Publié le 24 octobre 2025 04:01:00. Les autorités des transports de Washington D.C. freinent face aux demandes d’entreprises technologiques souhaitant déployer des robots autonomes pour livrer des repas sur les trottoirs, invoquant des préoccupations sécuritaires qui retardent l’élaboration d’une réglementation adéquate.
- Le Département des Transports de Washington (DDOT) demande plus de temps pour établir des règles encadrant la circulation des robots de livraison autonomes.
- Des entreprises de robotique ont plaidé mercredi dernier devant la commission des transports pour une adoption plus rapide des réglementations permettant le déploiement de ces dispositifs.

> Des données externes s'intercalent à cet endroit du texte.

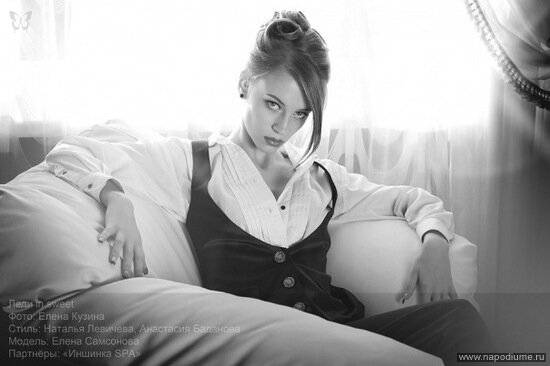 Elena Samsonova's photo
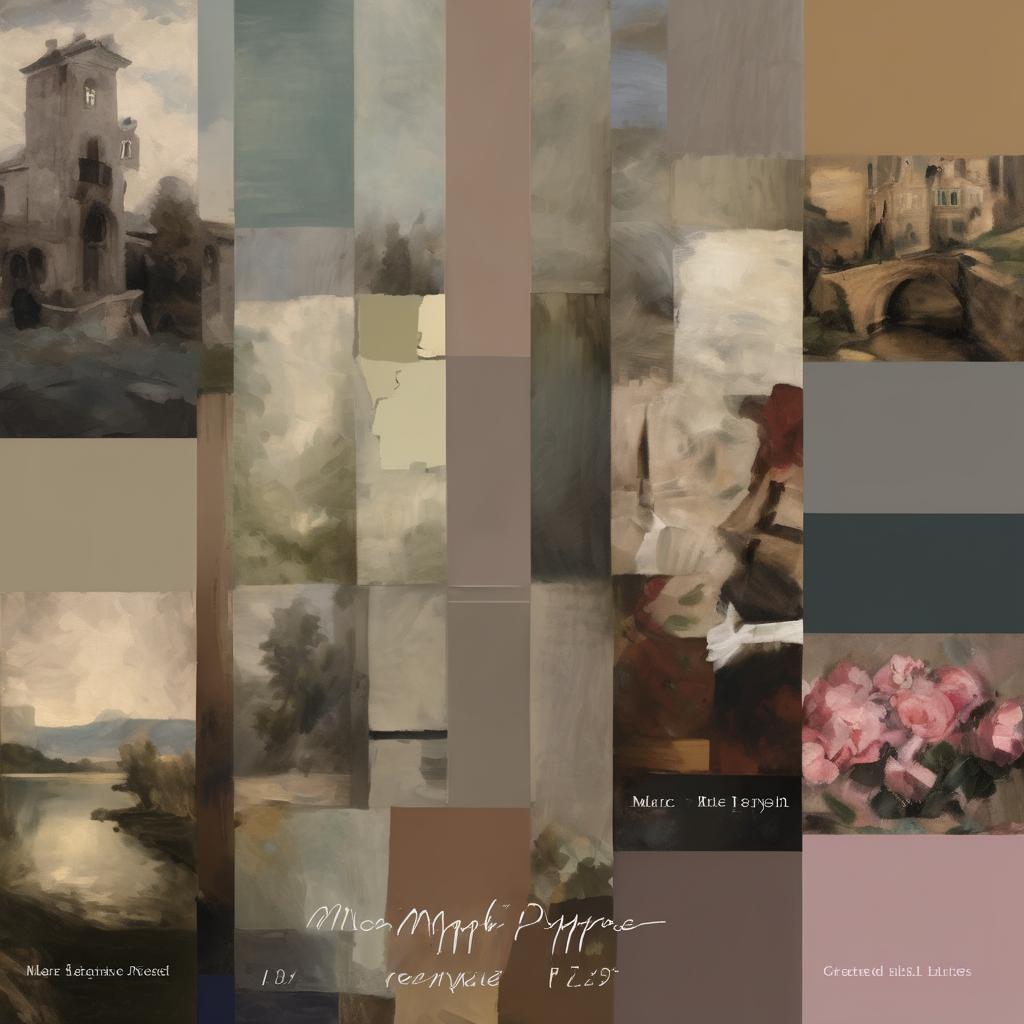 Στυλ και Τεχνικές του Marie-Joseph PEYRE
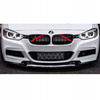 Nakładki na wsporniki rozpórki GRILLA do BMW F20 F30 F32 F34 F36 czerwone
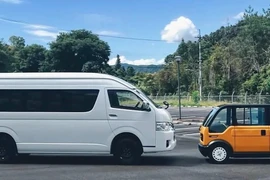 Mibot - Xe điện mini gây sốt tại Nhật Bản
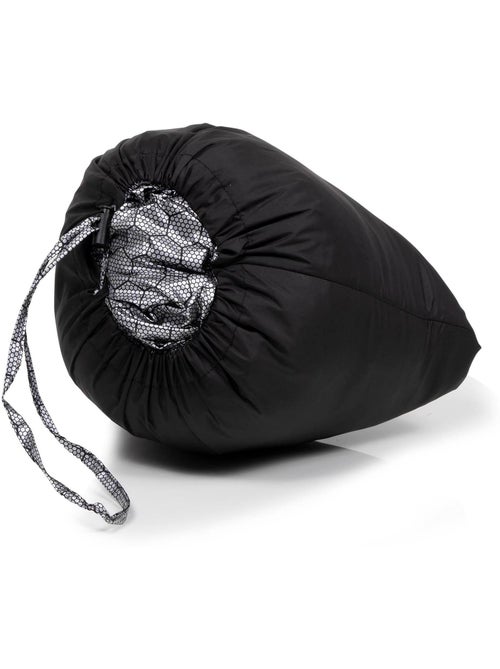 Doudoune homme manches longues noir isotoner - Kiabi Doudoune homme manches longues noir isotoner - Kiabi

- Des élus locaux, tels que Charles Allen, président de la commission, expriment leur impatience face à la lenteur du processus, craignant que cela n’entrave les innovations futures.
Lors d’une audience de la commission des transports et de l’environnement, des représentants de deux sociétés spécialisées dans la robotique ont pressé le DDOT d’autoriser les robots de livraison à zéro émission à naviguer sur les trottoirs de la capitale pour acheminer les commandes de nourriture. Ces petites unités autonomes sont censées offrir une solution de livraison écologique et efficace.
Cependant, Sharon Kershbaum, directrice du DDOT, a souligné la nécessité de disposer de davantage de temps pour élaborer un cadre réglementaire adapté à cette technologie émergente. « Nous ne perdons pas de temps, et nous comprenons la volonté d’avancer rapidement. Mais il n’existe actuellement aucune réglementation spécifique aux trottoirs. C’est un véritable nouveau territoire », a-t-elle déclaré.
Tout en reconnaissant les bénéfices potentiels de ces robots, Mme Kershbaum a insisté sur l’importance de garantir la sécurité des piétons, en particulier celle des personnes à mobilité réduite ou malvoyantes. « Nous sommes conscients des avantages de ces appareils. Notre priorité est de nous assurer que nos trottoirs restent sécuritaires, notamment pour les personnes ayant des difficultés à se déplacer ou une déficience visuelle », a-t-elle ajouté.
De son côté, le président de la commission, Charles Allen, a exprimé son désir de voir le DDOT accélérer le processus législatif. « Je trouve que nous avançons beaucoup trop lentement sur ce dossier. Je souhaite que cela soit expérimenté, testé. Mettre en pratique une idée comme celle-ci est essentiel », a affirmé M. Allen. « Si nous tardons à proposer des réglementations et à mener des projets pilotes, nous limitons notre capacité d’apprentissage. »
Un porte-parole de Coco Robotics a manifesté la disposition de son entreprise à participer à un programme d’essai limité. « Nous serions ouverts à une démarche très modeste, juste pour observer concrètement le fonctionnement », a proposé le représentant.
Le DDOT n’a pas encore fixé de calendrier pour la mise en place des réglementations requises. Charles Allen a par ailleurs indiqué que des versions plus petites de dispositifs de livraison automatisés étaient actuellement testées aux abords des universités Howard et Georgetown, mais a jugé cette technologie quelque peu dépassée au regard des avancées actuelles.